Financial success happens when you live by the rules of personal finance. Some of these rules are from Harold Pollack, a contributor to the Washington Post’s Wonkblog, who handwrote his rules on a small index card, but I have modified this list a bit to show the financial rules that I have lived by which have served me well. I’m not a financial advisor so always check with your personal financial advisor for personalized advice.
ALWAYS live below your means and save at least 20% of your money. Don’t fall into the trap of trying to keep up with the Joneses. Live simply, buy quality goods that last when needed.
Buy inexpensive, well diversified mutual funds such as Vanguard total stock market index funds and pay attention to fees. Avoid actively managed funds. The power of compounding over decades means you will end up with great returns over the long run. Ride the ups and downs, and even better, buy when the stock market is down (when stocks are on sale). If you will need funds within 10 years, though, it may be better to keep it in bonds or cd’s.
Only buy or sell an individual securities with disposable money – even experts can’t beat the average returns of the stock market on a regular basis.
Pay your credit card balance in full every month. If you can’t, then you should take a look at your lifestyle and adjust accordingly. You are paying a lot more for everything you put on a credit card when you pay interest.

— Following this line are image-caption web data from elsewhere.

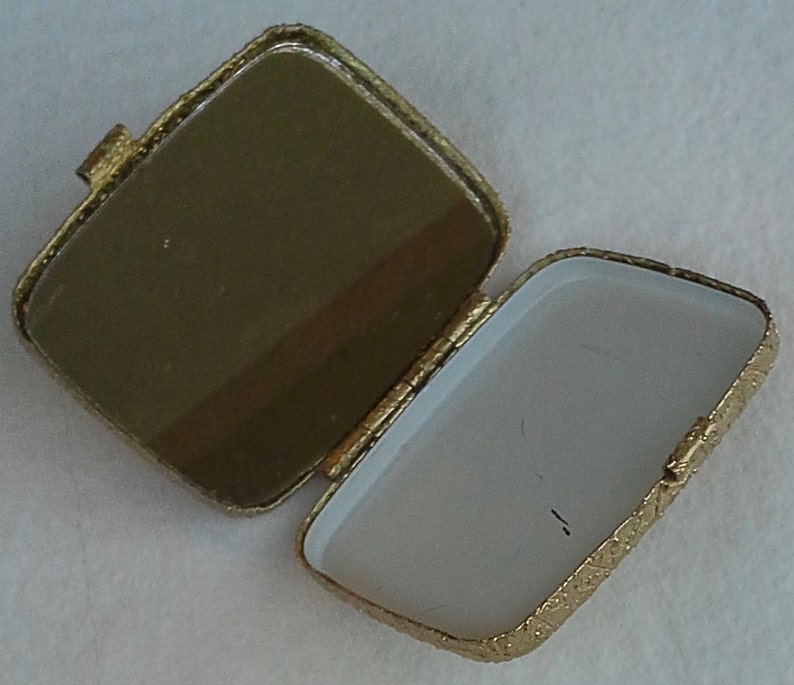 Vintage gold tone compact with mirror from Revlon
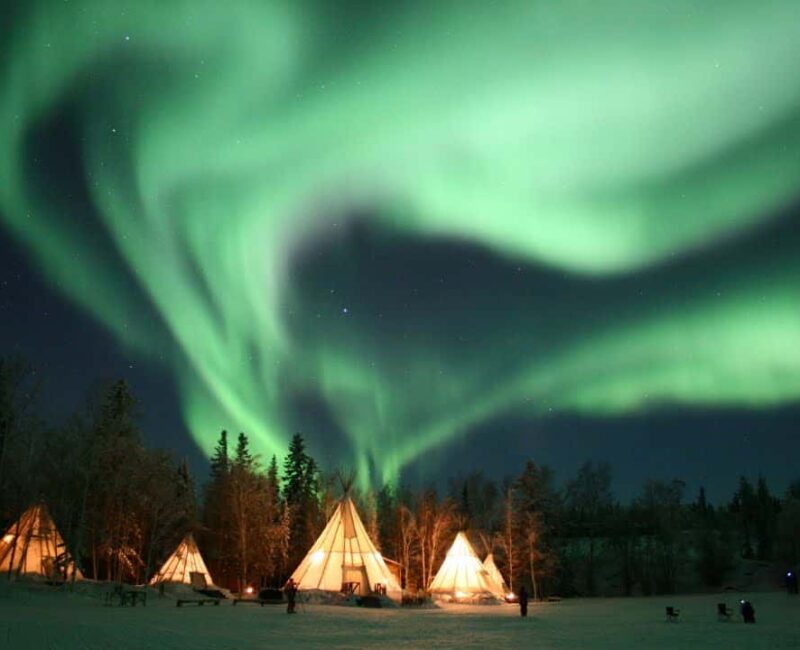 Aurora-Village-Yellowknife-Northwest-Territories-Canada-Aurora-Borealis-Northern-Lights-winter-Landscape-Colourful-Green-five-Teepees-Hero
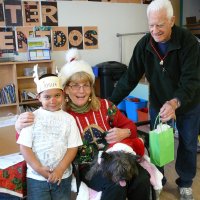 12/16/11 - Annual Christmas with Santa - Mission Education Center, San Francisco - Ms. Linda as Santa, with her dog Emma - Each student takes turns posing with Santa. Al Gentile, on right, hands Santa a gift for each student.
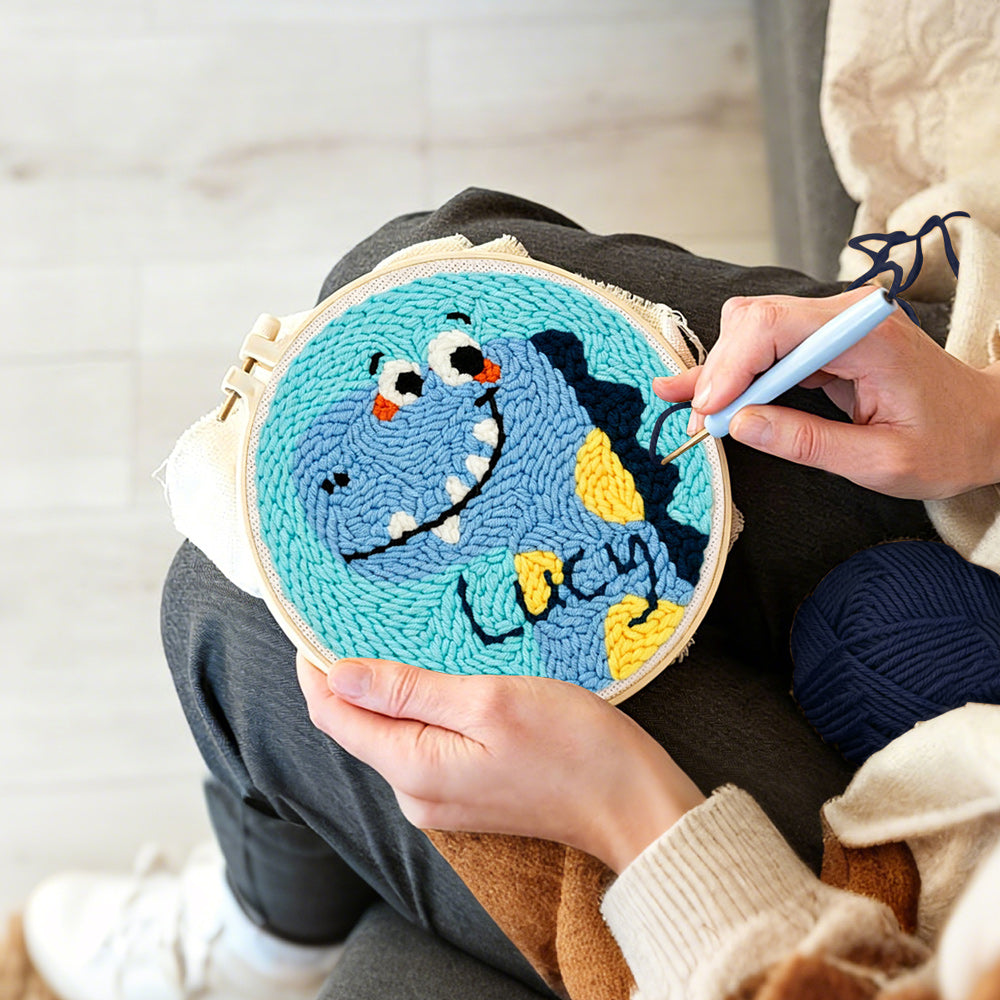 Creating handmade lucky blue dinosaur punch needle artwork
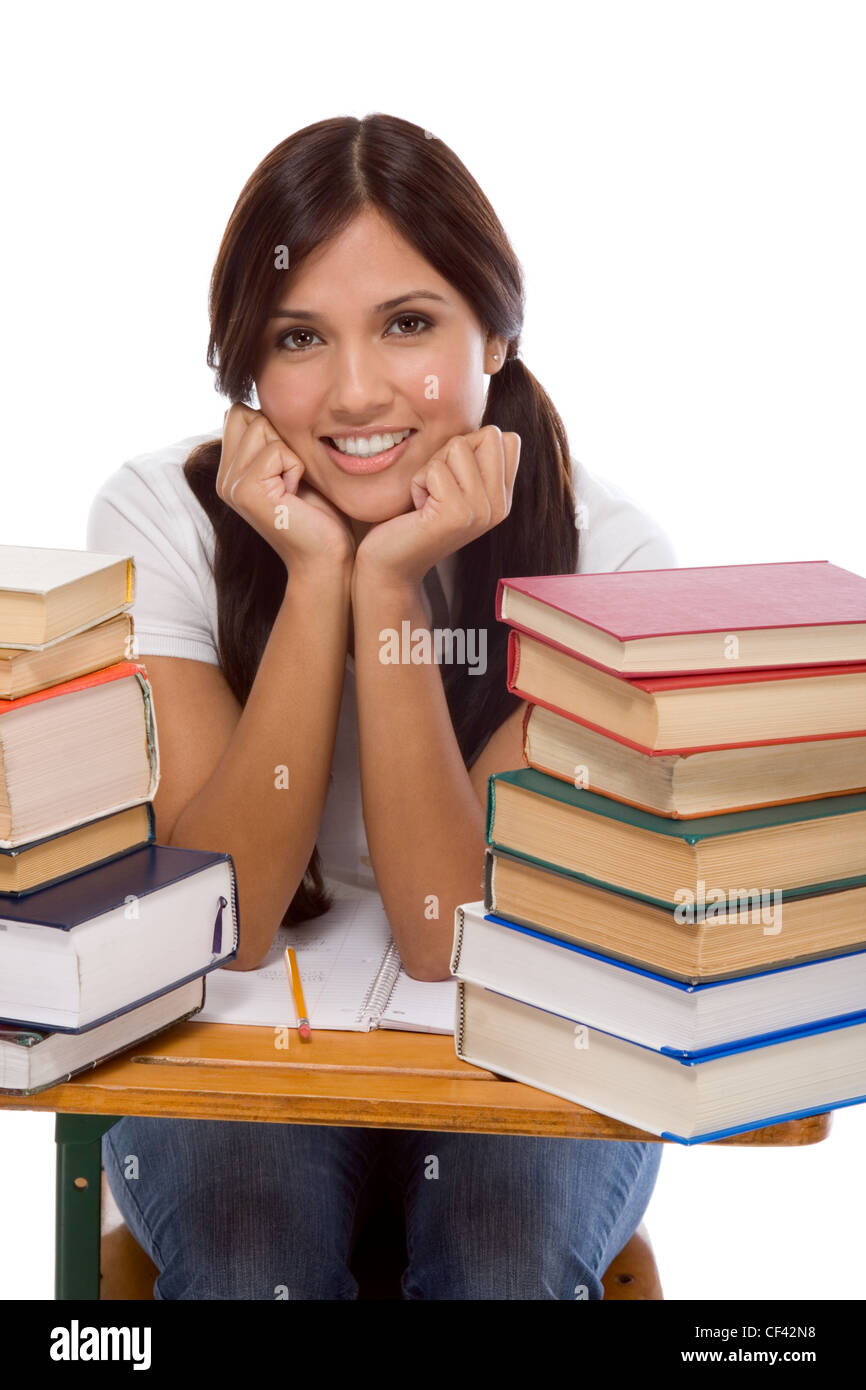 education series - Friendly ethnic Latina female high school student with books by desk Stock Photo
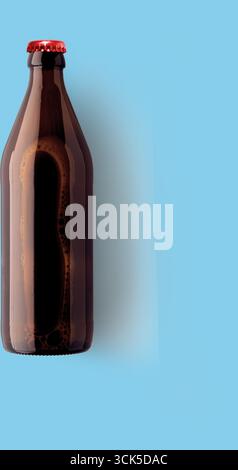 Eine dunkle Glasflasche mit rotem Verschluss, die möglicherweise ein Getränk enthält, vor einem hellen Hintergrund. Stockfoto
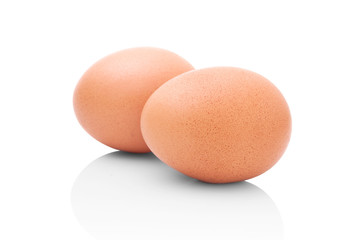 Two brown chicken eggs isolated on white background with shadow reflection. Brown chicken eggs on white background with shadow reflection. Eggs on reflective underlay. Whole eggs on white background.
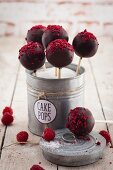 Cake pops with raspberries in a metal tin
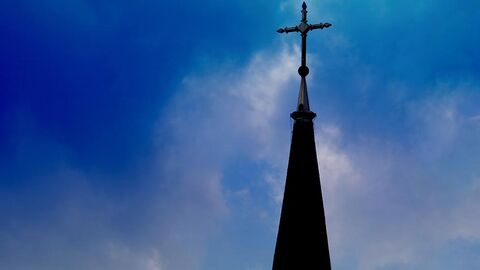 Kirchturmspitze, im Hintergrund Himmel mit Gewitterstimmung.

Maximize tax-advantages savings vehicles like Roth, 401k’s, SEP and 529 accounts. Solo 401k’s might be an awesome way to pay less in taxes now by deferring income and contributing to a retirement fund if you have a small business.
If you hire a financial advisor, use a fee-only planner and make sure they are committed to a fiduciary standard.
Have adequate life, auto, business and possibly umbrella insurance if you have a lot of assets, and an estate plan (wills, revocable living trusts, etc.).
If you do not follow all of these basic rules of personal finance, then you may not be living within your means and may need to adjust your lifestyle to fit the truth of where you are financially.